Editor's Letter: Harvest 2017
It’s time to reap the harvest in the veggie garden. Even my scaled back garden is cranking out way more food than we can eat. My sister always sends delicious homemade jams and jellies in the fall, labeled in her scratchy handwriting: Jalapeno Mint, Strawberry, Raspberry, Blackberry, Wild Grape.
Fall is for pumpkin festivals - and weigh-offs if growing the biggest is your thing. In this issue Penn Parmenter describes all the benefits of the generous, versatile pumpkin plant in “Pumpkins Are King.”
Mikl Brawner’s topic is the Tomato - the “Love Apple”, a member of the nightshade family originally from Peru & Ecuador, which Europeans and North Americans (except in Mexico) were afraid to eat for hundreds of years. Now there are thousands of varieties and it is declared the most popular vegetable – even though it’s a fruit.
In “Go Nuts” Paula Ogilvie tells you about the complex classification of these dry fruits, or seeds, or drupes, commonly known as acorns, chestnuts, almonds, filberts, peanuts, coconuts, cashews (did you know it’s a member of the poison ivy family?), etc. I had the pleasure of visiting Denise Davis in her delightful Denver garden this spring and summer. Words often pale compared to actual experience, but I’ve tried to convey some of the magic I felt in “Hummingbird Haven.”
Succulents are used to wonderful effect today for everything from bridal bouquets to living walls. Deb Whittaker writes about them here, specifically how to repurpose them in your garden. Kenton Seth from Grand Junction is a young rock star. He’s been designing and installing crevice gardens, including the awe-inspiring Apex garden in Arvada, as well as native and low water gardens all over the state. He tells you about the possibilities for gardening without any irrigation.
I was thrilled when John Hershey sent “Salad Days” for this issue. He certainly hasn’t lost his articulate sense of humor. Gary Raham’s piece on the important contributions of naturalists to science includes the story of Beatrix Potter, known mainly for The Tale of Peter Rabbit and other illustrated tales. Entomologist Eric R. Eaton describes insects’ many strategies for surviving winter. And finally, Kelly Grummons answers questions about gogi berries, asparagus, and planting now for a fall harvest.
Our Education issue comes out in early February 2018. Every year I attend worthwhile landscape and gardening workshops and conferences. But I can’t help noticing that, with some exceptions, the speakers are almost all male while the audience is overwhelmingly female. There are so many women gardeners and plant lovers, yet so few take it to higher levels and become experts. It’s men - many of them wonderful human beings - who are usually paid to go on exciting plant collecting trips around the world, who hold top positions at Botanic Gardens (Sarada Krishnan at DBG is a notable exception), who usually headline at conferences (Lauren Springer Ogden, always a champion of professionalism and decent pay, is a notable exception). Ladies, if you love plants by all means enjoy your garden, but I also encourage you to take it further and consider a satisfying career that you get paid for. Opportunity awaits.

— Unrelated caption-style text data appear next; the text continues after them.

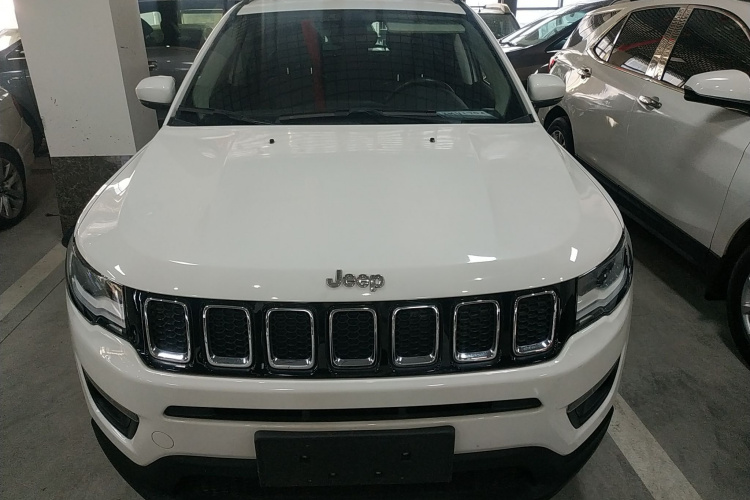 Jeep 指南者 2019款 200T 自动家享-互联大屏版车身外观2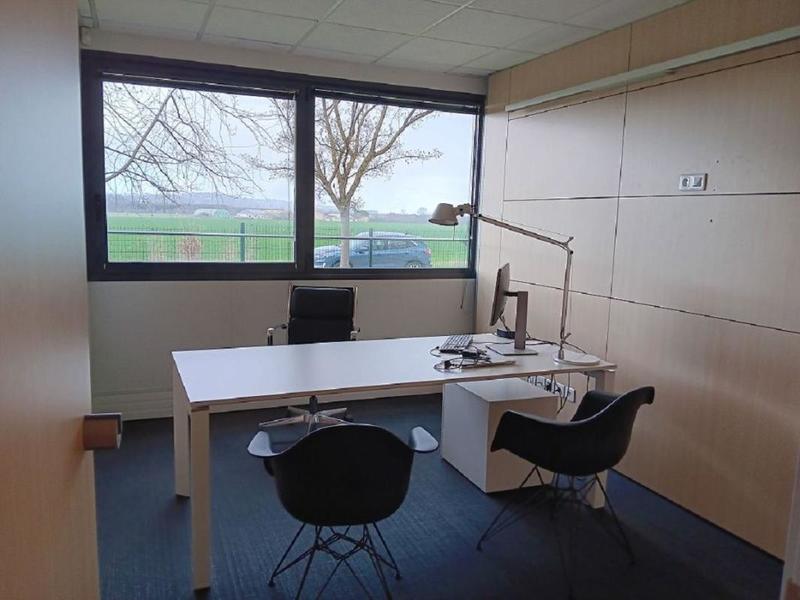 Bureau - 111 m² - 5 pièces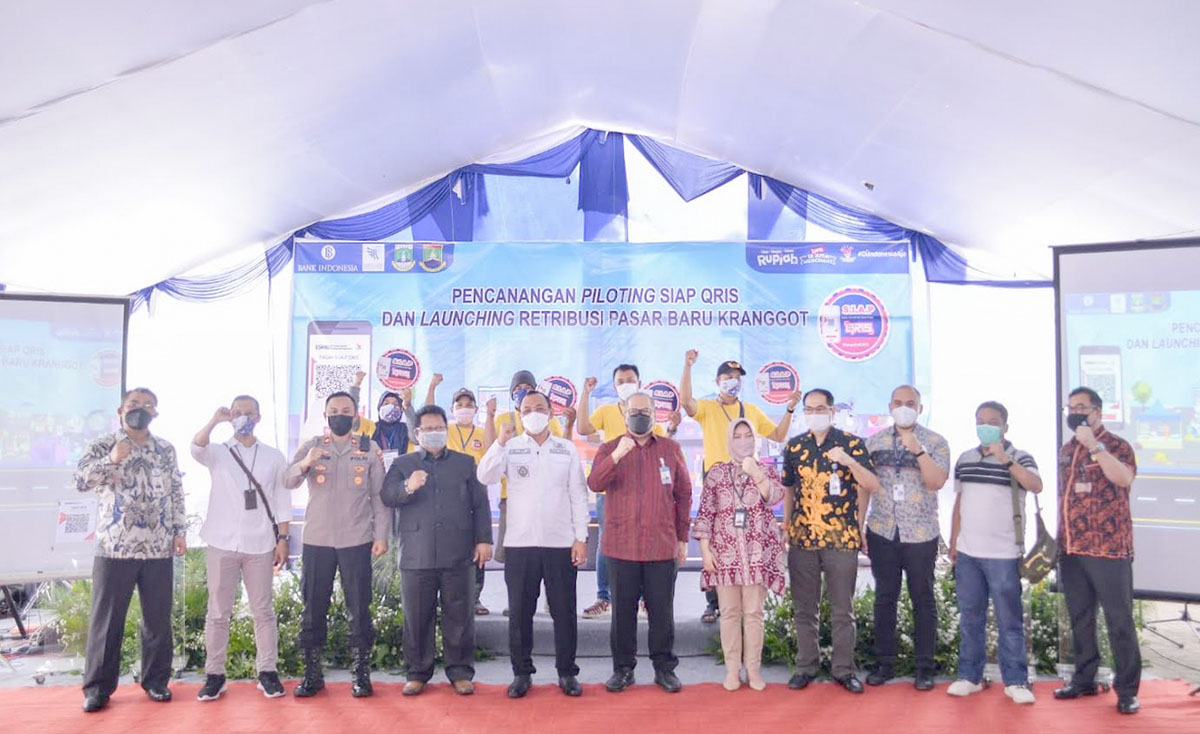 Kepala Perwakilan Bank Indonesia Provinsi Banten, Erwin Soeriadimadja bersama Wali Kota Cilegon, Helldy Agustian dan pedagang saat launching QRIS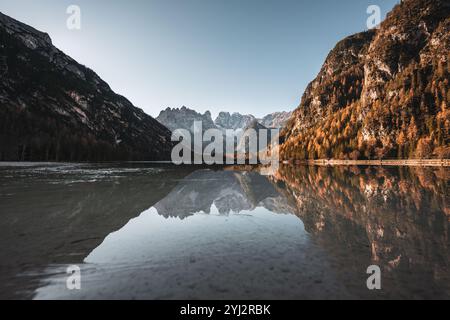 Blick über den teilweise zugefrorenen Dürrensee (italienisch Lago di Landro) nach Süden in die Ampezzaner Dolomiten mit der Cristallogruppe im Herbst zu Sonnenaufgang am 08.11.2024. // Blick über den teilweise gefrorenen Dürrensee südlich in die Ampezzo-Dolomiten mit der Cristallo-Gruppe im Herbst bei Sonnenaufgang am 8. November 2024. - 20241108 PD13022 Credit: APA-PictureDesk/Alamy Live News Stockfoto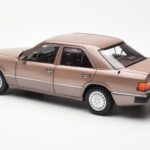 Mercedes 230E W124 Rosewood Metallic Ediție Dealer Norev 1:18 B66040697 - image 7 of 8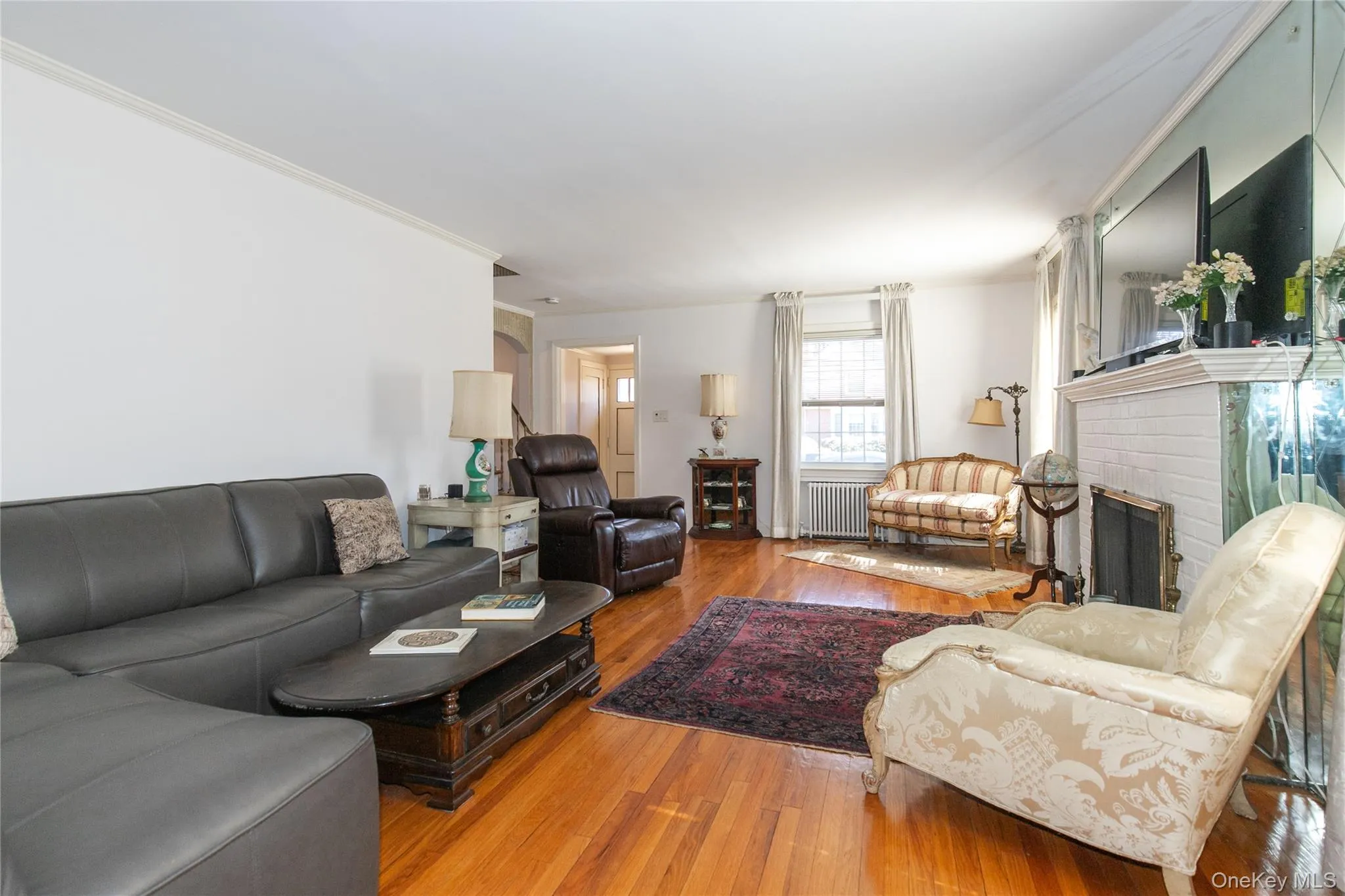 8 PLYMOUTH Road, North Hempstead, NY, 4 Bedrooms Bedrooms, 9 Rooms Rooms,2 BathroomsBathrooms,Residential,For Rent,PLYMOUTH,0,1035209 8 PLYMOUTH Road, North Hempstead, NY, 4 Bedrooms Bedrooms, 9 Rooms Rooms,2 BathroomsBathrooms,Residential,For Rent,PLYMOUTH,0,1035209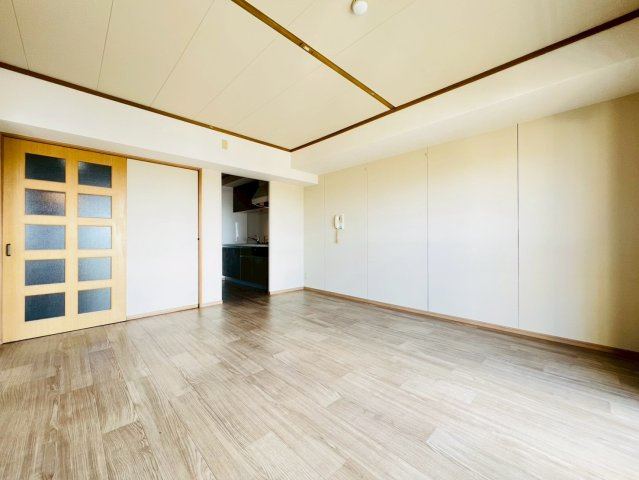 明石清水第２高層住宅2号棟の居間・リビング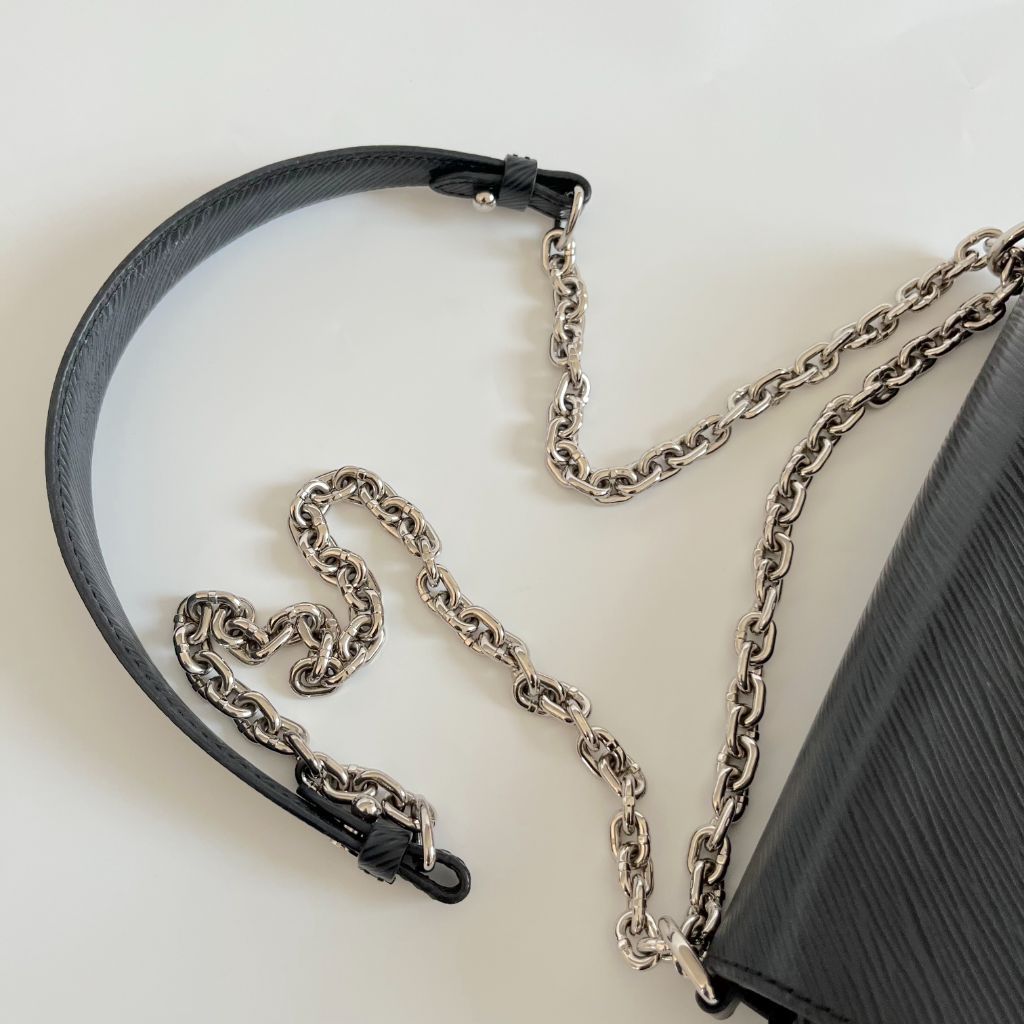 Louis Vuitton Black Epi Leather Twist MM Shoulder Bag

I consider Colorado Gardener a refuge and a resource and I prefer real dirt to the dirty business of politics. But even though this is the season of abundance and celebration, it’s difficult to gloss over what’s happening today in our country and globally. Here are some facts that are hard for me to ignore: species are going extinct, the climate is changing, long term environmental consequences and effects are dismissed in the name of short term profit and greed, fear mongering pits us against one another, hate groups are increasing, and a push to destroy Planned Parenthood that would deny women access to birth control continues.
Environmental rules protecting all of us are being scrapped. Consider one small issue: the ban on lead in hunting ammunition and fishing tackle in national Fish & Wildlife Service regulated areas, including wildlife refuges. Banning lead was meant to protect wild animals from being poisoned, especially bald eagles and waterfowl. But on his first day the new Secretary of the Interior deemed it too expensive for sportsmen and overturned the ban.
Politics is also an arena where women are highly under-represented. That photo of the all-male Senate health care group comes to mind. It took a lot of guts for Republicans Susan Collins and Lisa Murkowski to vote against the latest healthcare bill, which shows what a couple of strong women can do. This is no time for silence or complacency so let’s keep talking to each other to dispel fear and hate, while always working to protect our food, our water, and the natural world.